Gastaldo then goes on to rant some more about inappropriate antibiotic
prescriptions.

Then, this gem:

>PF, my sense is that you and Jeff P.Utz, MD focus on the vaccination fraud
>issue because the other pediatric crimes are so much more obvious...
>
>[snip]

(More ranting about circumcision.)

Does Gastaldo want to turn the focus away from "vaccination fraud"
instead because I am exposing his bald-faced lying?

I must be on to something! He's trying to avoid me! I point out his
LIES about public policy on vaccinations and he tries to steer me
away! What a fraud! What a coward!

PF
Todd Gastaldo - 24 May 2005 18:10 GMT
SNIPPING IS "ANALYSIS" - LOL! (THAT KIDDER PF RILEY, MD AGAIN)

PF Riley, MD is a pseudonymous usenet pediatrician who does not agree with
me that MDs are committing obvious crimes and telling obvious lies to
cover-up.

That's the summary of this post.  No need to read further unless you are
interested in the banter between an MD and a DC...

PF likes to ignore the grisly spectacle of his fellow MDs lying and closing
birth canals up to 30% and robbing babies of up to 50% of their blood volume
and ripping and slicing baby penises en masse.

PF prefers instead to focus on vaccination.

PF pretends that I did not answer his criticisms on vaccination.

PF calls me a liar.

I disagree and AGAIN (see below) ask PF for evidence that I am lying.

See also: The CDC, breastfeeding, circ - and PF Riley, MD's antibiotic
question
http://health.groups.yahoo.com/group/chiro-list/message/3572

PF "analyzed" this just cited post - mostly by snipping - LOL!
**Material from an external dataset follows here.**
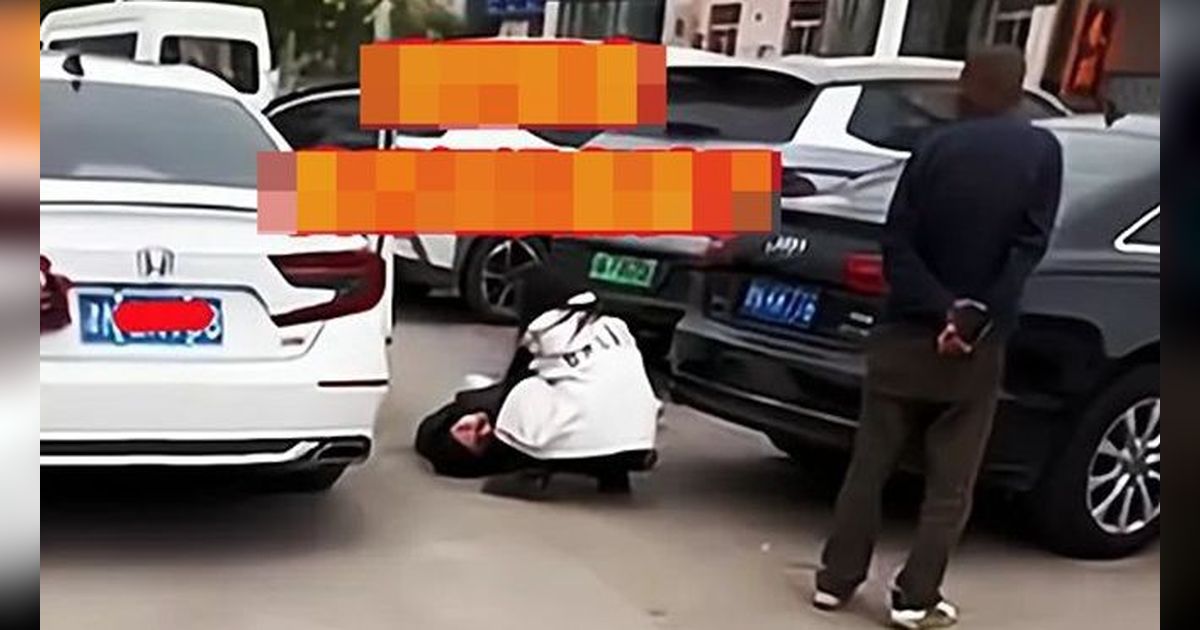 Viral Aksi Dramatis Pria Berlutut ke Istrinya di Tengah Jalan, Dikira Mohon Maaf Ternyata Minta Cerai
> Gastaldo, in typical fashion, tries to "reply" to me with a typical
> rant full of flights-of-ideas and digressions. Read on for an
> analysis.

PF, your "analyxis" was snipping - not a very compelling analysis.

>> [snip]
>>
[quoted text clipped - 13 lines]
> disorder, goes on to rant about breastfeeding and immunizations, which
> I have snipped.

Here is what PF snipped...

It is QUITE relevant to PFs bacterial infection/antibiotics question...

>> ...Like I said, Gastaldo just
>> chooses "to just cover his ears and keep repeating his lie"
[quoted text clipped - 13 lines]
> have to bear the financial burden of staying home from work and/or hiring
> tutors during disease outbreaks.

PF, are you saying this is not fraudulent vaccination promotion?

PF's snipping continued...

> (BTW, PF, I liked the "herd immunity" reply of Jeff P.Utz, MD.  See Circ
> funnies (also: 'Universal' pertussis info) - was Re: Pediatric crime
[quoted text clipped - 55 lines]
> The mass immunologic child abuse is ongoing - thanks to the medical lie of
> omission about breastfeeding above.

>> Back to PF's question...
>
> At last!

I should have said, "Onward to PF's SECOND question."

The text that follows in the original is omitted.